City of Heritage II is the continuation of City of Heritage.
The City of Heritage series is a representation of my cultural mix in a high technology society in Singapore with my Austrian roots.

The material used in the City of Heritage serial carries important significance. The raw flax fabric where the embroidery is applied is inherited from my great-grandmother who was a farmer in the Tyrolian mountain village Wildschönau. In summer they cultivated linum, harvest it on the cliffs grassland and produced flax fibers. This was all completed by hand, by women who did this in addition to their daily chores.
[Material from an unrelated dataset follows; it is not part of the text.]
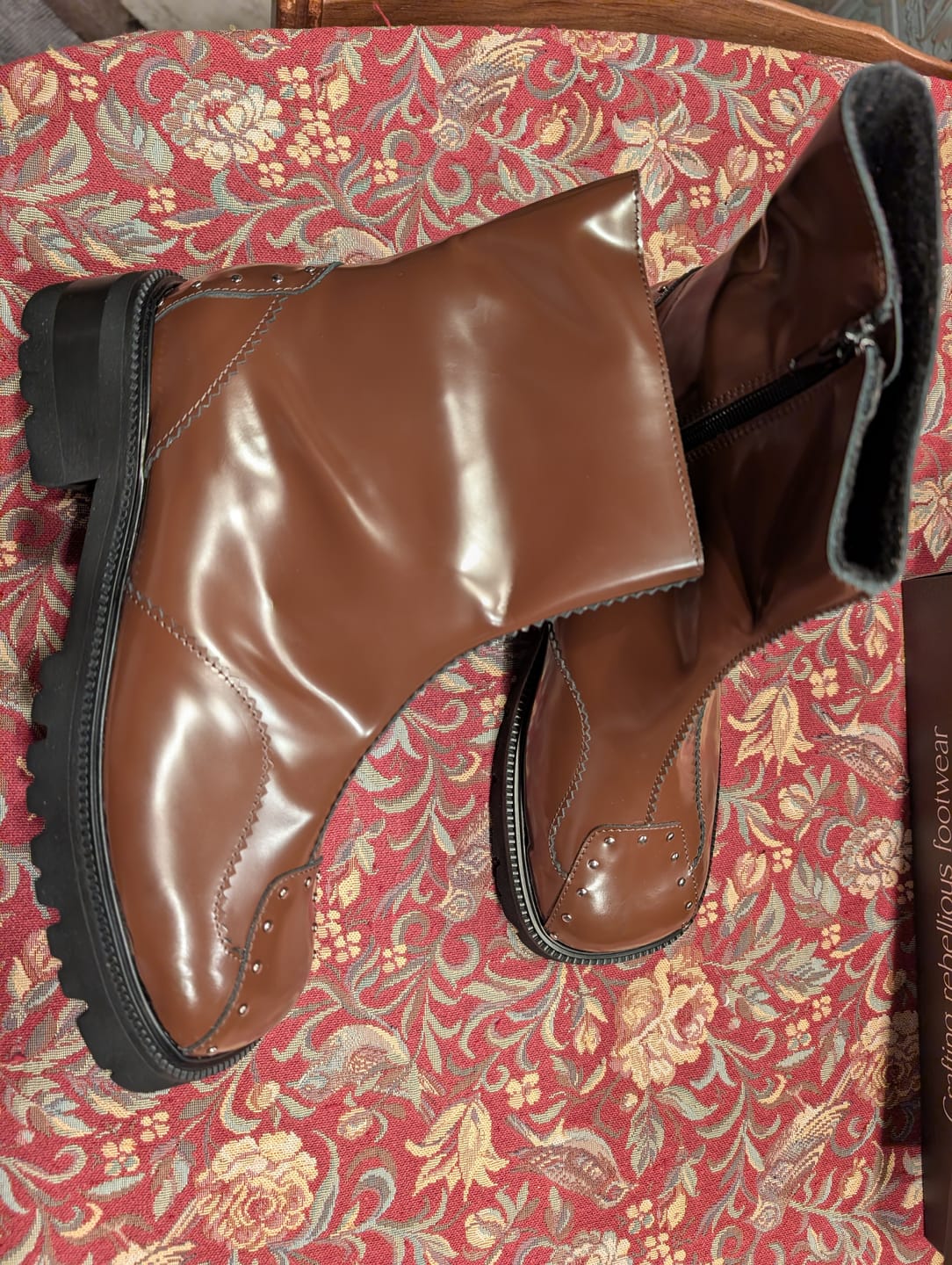 Customer photo review of "Latte boots"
My grandma would tell me that in the cold snowy winter months her mum used to spin the fibers into a yarn, while regaling her with old stories. When my grandmother got married she inherited a lot of yarn from her mum who brought it to a weaving mill to get some fabric. In the olden days, they used this kind of fabric for bed sheets, but the hand produced yarn contains a lot of hard fibers and is not comfortable to sleep on. Laughing to us, my grandmother would always say, “you have to wash them at least a 100 times to get rid of the stems and itchy parts.” My grandmother never used these fabrics and when she knew that she will be gone soon, she passed the fabrics to me. “The fabrics are too rough to use and too valuable to throw away” she said. Since then, I have carried these sentimental and significant fabrics with me across the globe from Europe to Singapore.
In Singapore, far away from my family and my home country, I re-evaluated my own cultural heritage. I came across totally new ideas and impressions as well as familiar cultures. For example: seed beads, which are historically significant in Europe, but now can only be found in museums, mostly in the context with the trading routes of the Roman Empire.
In Singapore seed beads are present in the early history of Peranakan culture, where the colorful beads adorn everything from bags to shoes to tapestries. The beads came mostly from Europe (Venice and Czech beads) and nowadays they come from Japan or China.
I love to see the influences cultures have with one another and how materials are used differently in various contexts. This was the catalyst for me to become re-influenced with this material to create something new.